Mannheim. Voller Saal beim Stadtgespräch des „Mannheimer Morgen“ in den Reiss-Engelhorn-Museen - und das bei einem Thema, das in der Regel nur wenige vom Hocker reißt: die Europäische Union. Doch der „Europa-Slam“, eine Debatte mit Vertreterinnen und Vertretern von sechs Parteien - SPD, Grüne, FDP, CDU, Linke und AfD - stößt auf großes Interesse. Eingeladen zu der Veranstaltung mit dem Titel „Warum brauchen wir eine starke Europäische Union?“ hat der „MM“ in Kooperation mit der Europa-Union, einer Bürgerinitiative, die sich für die europäische Einigung einsetzt.

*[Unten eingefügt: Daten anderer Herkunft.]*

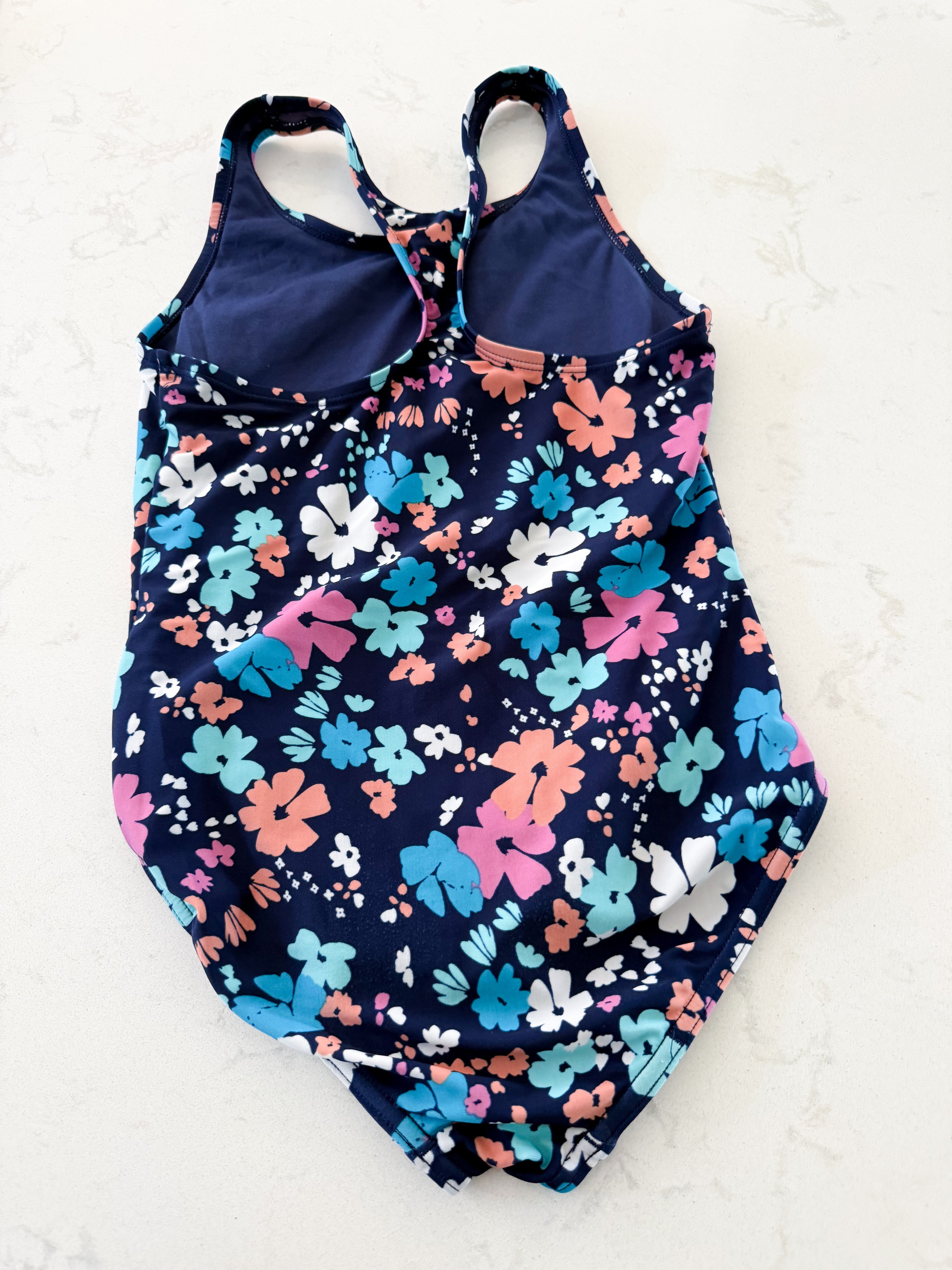Speedo- 14Y- VGUC- navy blue swim suit with pink orange and blue florals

Nach einem Impulsvortrag von Achim Wambach, dem Präsidenten des ZEW, des Leibniz-Zentrums für Europäische Wirtschaftsforschung in Mannheim, und sechs Kurzvorträgen, den Slams, diskutierten die Politikerinnen und Politiker mit Moderator Walter Serif und dem Publikum über Europas Verfassung und Visionen.

Wenngleich das Fazit über den aktuellen Zustand der EU zwiespältig ausfiel, waren sich doch alle - mit Ausnahme des AfD-Politikers Rüdiger Ernst, dessen Partei laut über einen Austritt aus der Gemeinschaft nachdenkt - einig: Die Europäische Union bietet das beste Fundament, um die Herausforderungen unserer Zeit mit Klimawandel und geopolitischen sowie geoökonomischen Konflikten zu bewältigen.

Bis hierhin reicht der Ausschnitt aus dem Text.